**TASK INSTRUCTIONS**
Given the records below, the lines starting at the line with "Nguyên nhân gây bệnh Lupus ban đỏ chủ yếu" and ending at the line with "Máscara de Chá" should be output exactly, both end lines kept and pictures left out.

**DATA TO EXAMINE**

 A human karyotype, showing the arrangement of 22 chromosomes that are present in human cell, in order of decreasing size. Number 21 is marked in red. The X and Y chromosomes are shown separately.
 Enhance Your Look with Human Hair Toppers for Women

...

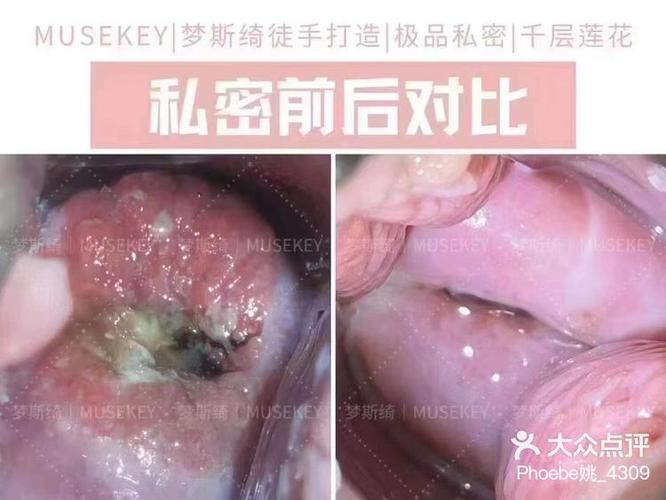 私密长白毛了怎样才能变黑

* * *

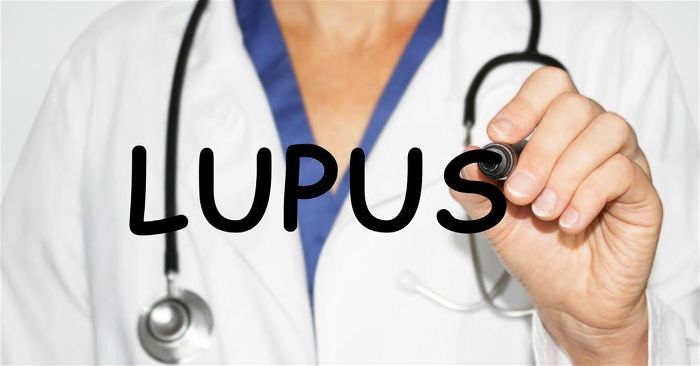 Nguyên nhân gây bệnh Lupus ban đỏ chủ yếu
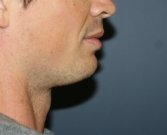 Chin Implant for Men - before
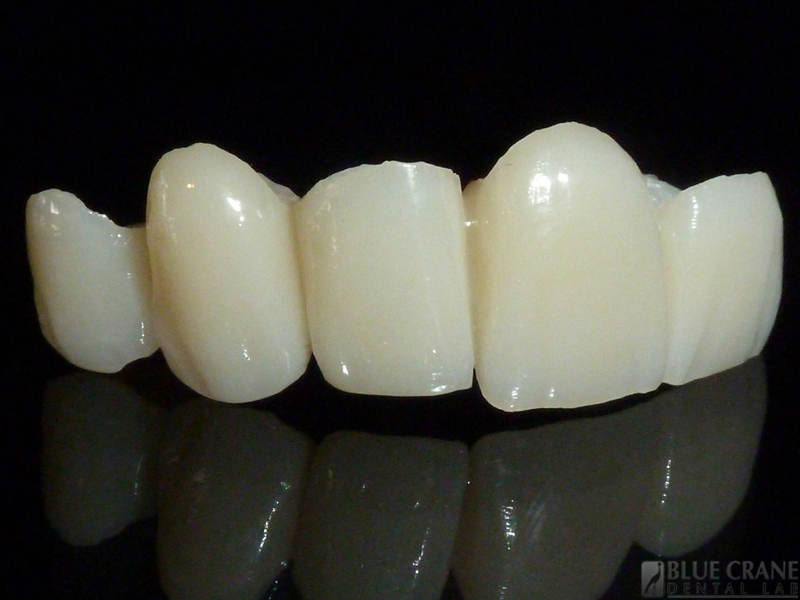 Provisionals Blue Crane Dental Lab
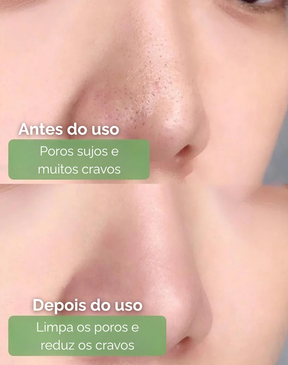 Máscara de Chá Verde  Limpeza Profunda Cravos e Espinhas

**YOUR SOLUTION**
 Nguyên nhân gây bệnh Lupus ban đỏ chủ yếu
 Chin Implant for Men - before
 Provisionals Blue Crane Dental Lab
 Máscara de Chá Verde  Limpeza Profunda Cravos e Espinhas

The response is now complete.